What Constitutes a Breach of Contract?
Any non-performance of a contractual duty which has become due constitutes a breach. An anticipatory repudiation of obligations also serves to breach a contract.
In contracts for the sale of goods, in addition to repudiation, a seller breaches the contract by offering a tender or delivery of non-conforming goods, and the buyer breaches by wrongfully rejecting goods, wrongfully revoking acceptance of goods, or failing to make a payment when due.
There are three main types of breach of contract and courts treat each type of breach of contract differently:
- Material breach;
- Non-material breach; an
- Anticipatory breach a/k/a Anticipatory repudiation.
Material Breach
A material breach of contract happens when one side fails to perform their duties as it relates to a major part of the contract. The purpose of the contract is defeated by the failure of one side to fulfill their duties.
“To constitute a vital or material breach, a party’s nonperformance must ‘go to the essence of the contract.’” Covelli Family, L.P. v. ABG5, L.L.C., 977 So. 2d 749, 752 (Fla. 4th DCA 2008). “A party’s ‘failure to perform some minor part of his contractual duty cannot be classified as a material or vital breach.’” Id.
If one side has committed a material breach of the contract, the other side is not legally obligated to fulfill their duties under the contract. A material breach of contract entitles the non-breaching side to sue for damages incurred because of the breach.

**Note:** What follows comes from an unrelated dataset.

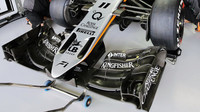 Přední křídlo vozu Force India VJM08 - Mercedes v Brazílii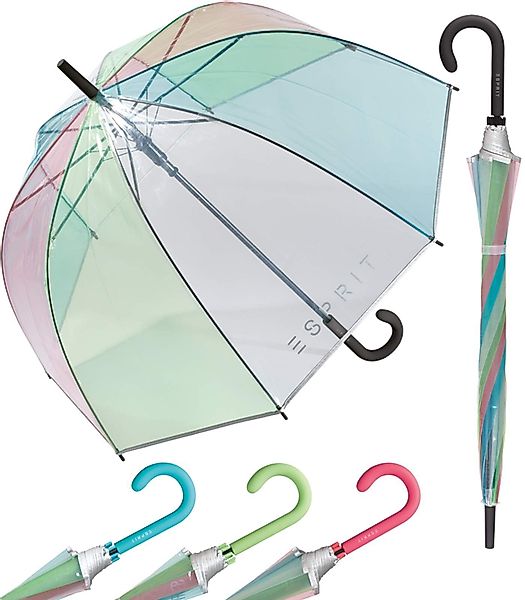 Esprit Stockregenschirm Glockenschirm mit Automatik transparent, günstig online kaufen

Factors which are relevant to a determination of whether a breach is material are:
- the extent to which the aggrieved party will be deprived of the benefit he reasonably expected;
- the extent to which the aggrieved party can be adequately compensated for the benefit of which he will be deprived;
- the extent to which the breaching party will suffer forfeiture;
- the likelihood that the breaching party will cure his failure, taking into account all the circumstances including any reasonable assurances; and
- the extent to which the breaching party has acted according to standards of good faith and fair dealing.
Restatement (Second) of Contracts § 241 (1981) (“Restatement”).
In some circumstances a material breach is clear. If one side fails to deliver the promised goods in a sales contract, this is a material breach and the other side is not expected to make a payment for the never-delivered goods.
However, in many cases it is unclear whether or not a particular action is truly a material breach. It is possible that the purpose of the contract could still be fulfilled.
Non-Material Breach
A non-material breach of contract happens when one side fails to meet their contractual obligations as it relates to a minor part of the agreement. A non-material breach does not go to the heart of the contract. See Restatement § 241, cmt. b (“[A]n important circumstance in determining whether a failure is material is the extent to which the injured party will be deprived of the benefit which he reasonably expected from the exchange.”).
If there is a non-material breach, the other side will still have the legal right to pursue compensation for any actual harm caused by the breach, but the non-breaching side is not excused from performing their obligations under the contract. In other words, while a material breach stops the contract, with a non-material breach, the contract continues on.
Anticipatory Breach
Anticipatory breach of contract, also known as anticipatory repudiation, happens when one of the parties to the contract declares in words or actions that they do not intend to meet their obligations and duties under the contract.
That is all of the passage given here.